■ **Task directions**: Please reproduce the entries below exactly from the line with "Aram Kerasi Rooms" through their last line, leaving out any pictures.

*** Begin section ***

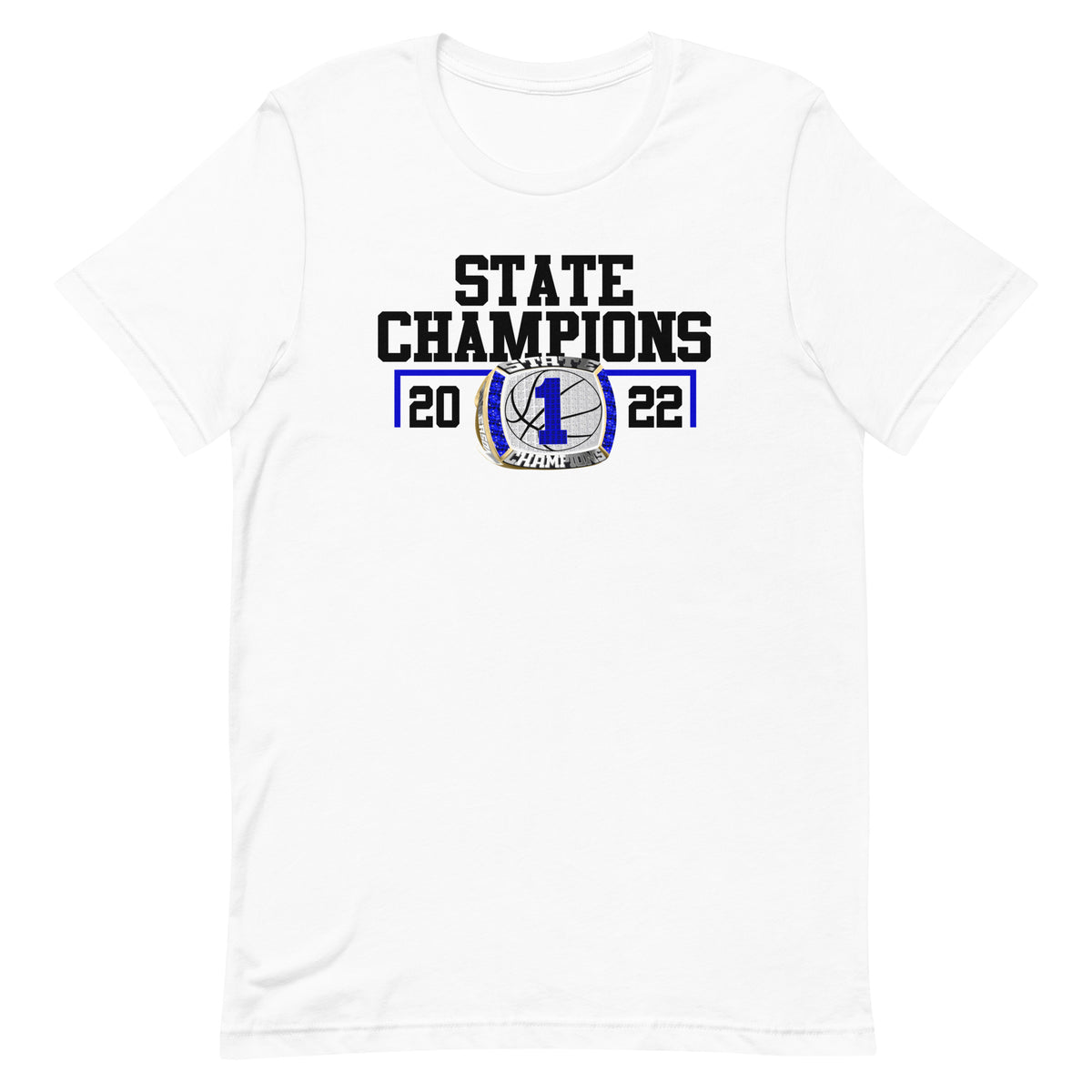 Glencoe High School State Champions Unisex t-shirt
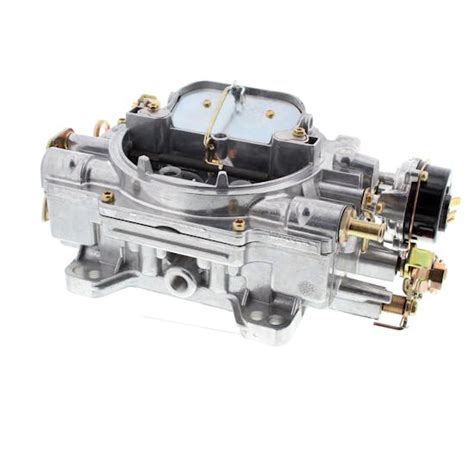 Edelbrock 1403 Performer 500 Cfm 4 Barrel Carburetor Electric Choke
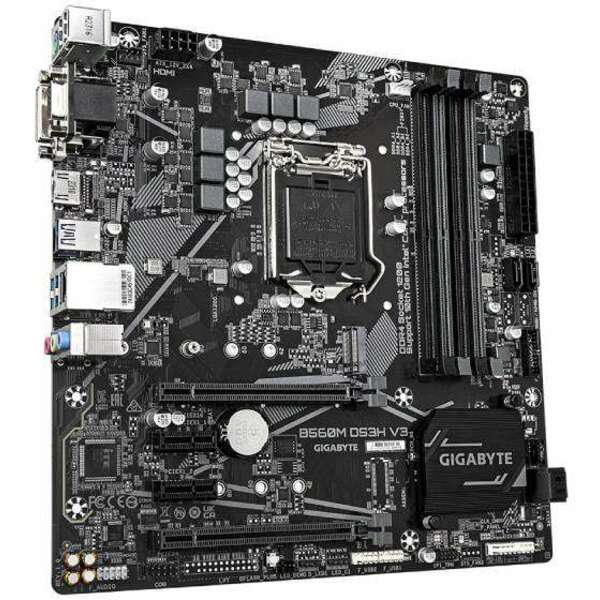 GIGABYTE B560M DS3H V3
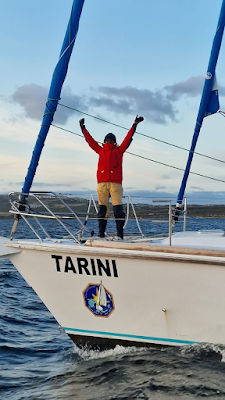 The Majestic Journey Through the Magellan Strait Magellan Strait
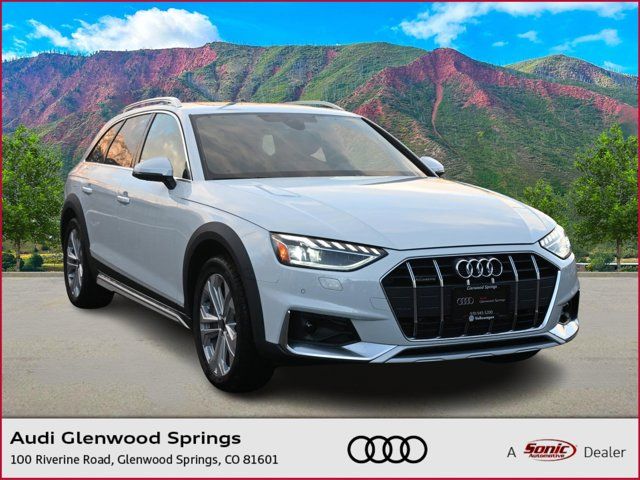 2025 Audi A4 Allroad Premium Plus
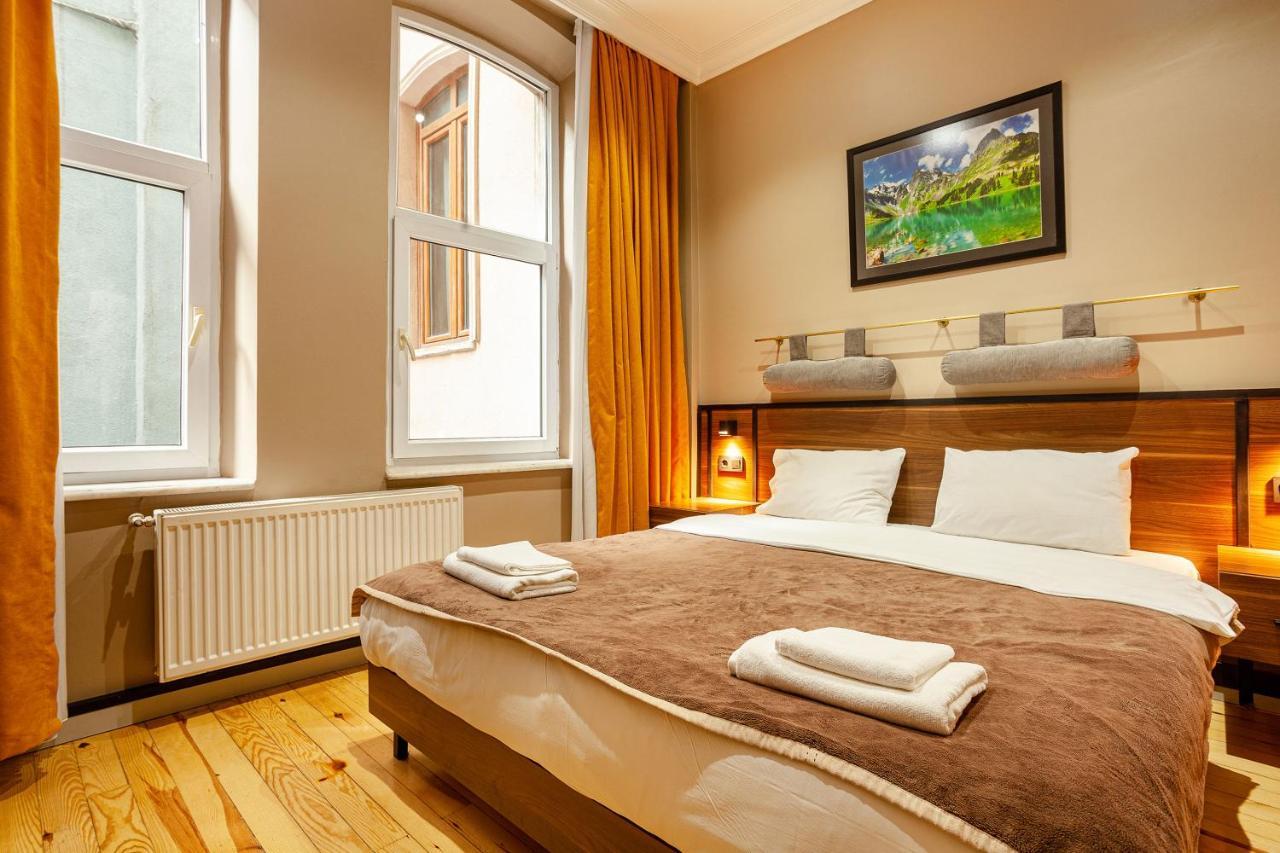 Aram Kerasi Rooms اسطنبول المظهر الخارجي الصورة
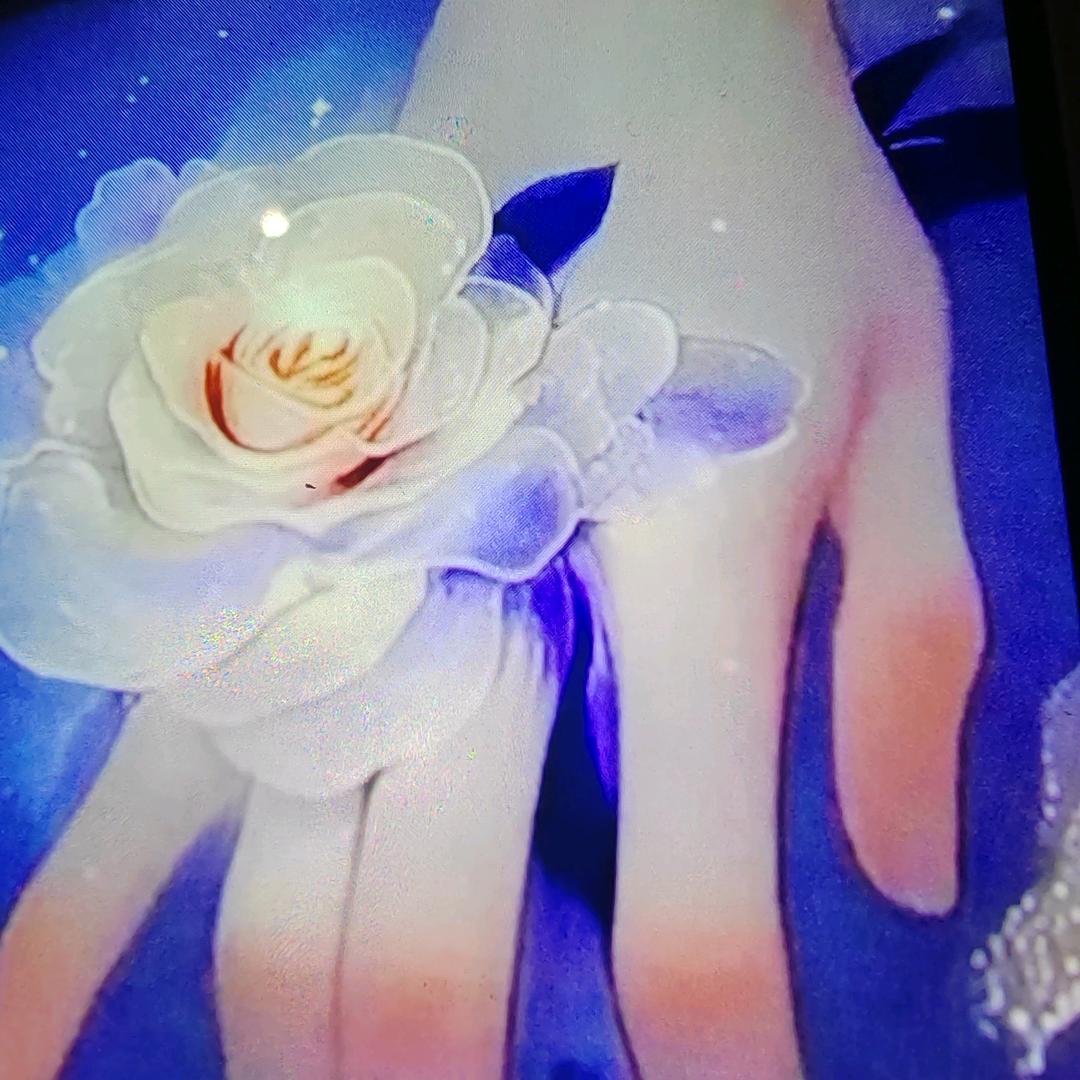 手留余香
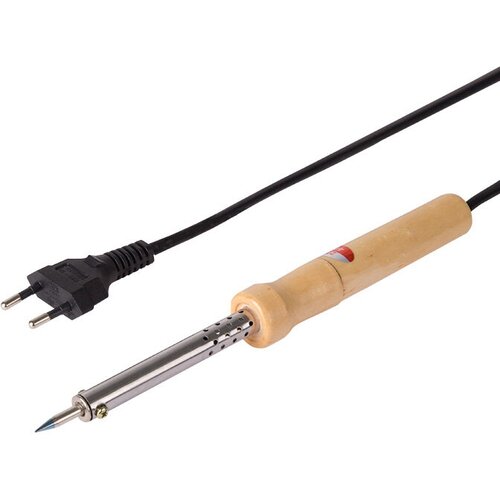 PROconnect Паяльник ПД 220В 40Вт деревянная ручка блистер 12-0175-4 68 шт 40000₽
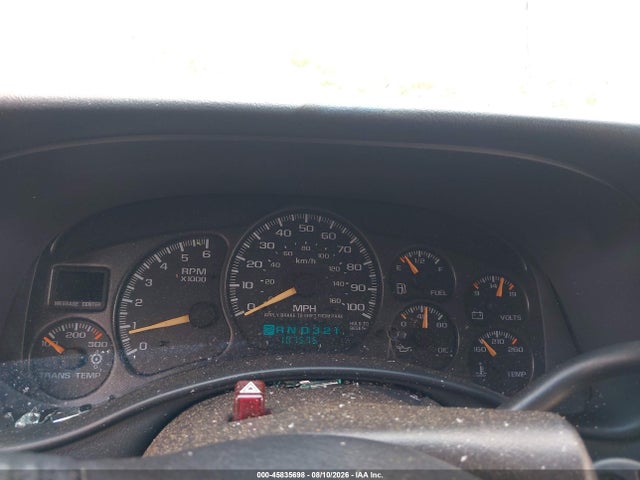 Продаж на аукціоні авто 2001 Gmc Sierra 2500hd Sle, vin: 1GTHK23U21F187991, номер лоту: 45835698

*** End section ***

■ **Output for this task**:
 Aram Kerasi Rooms اسطنبول المظهر الخارجي الصورة
 手留余香
 PROconnect Паяльник ПД 220В 40Вт деревянная ручка блистер 12-0175-4 68 шт 40000₽
 Продаж на аукціоні авто 2001 Gmc Sierra 2500hd Sle, vin: 1GTHK23U21F187991, номер лоту: 45835698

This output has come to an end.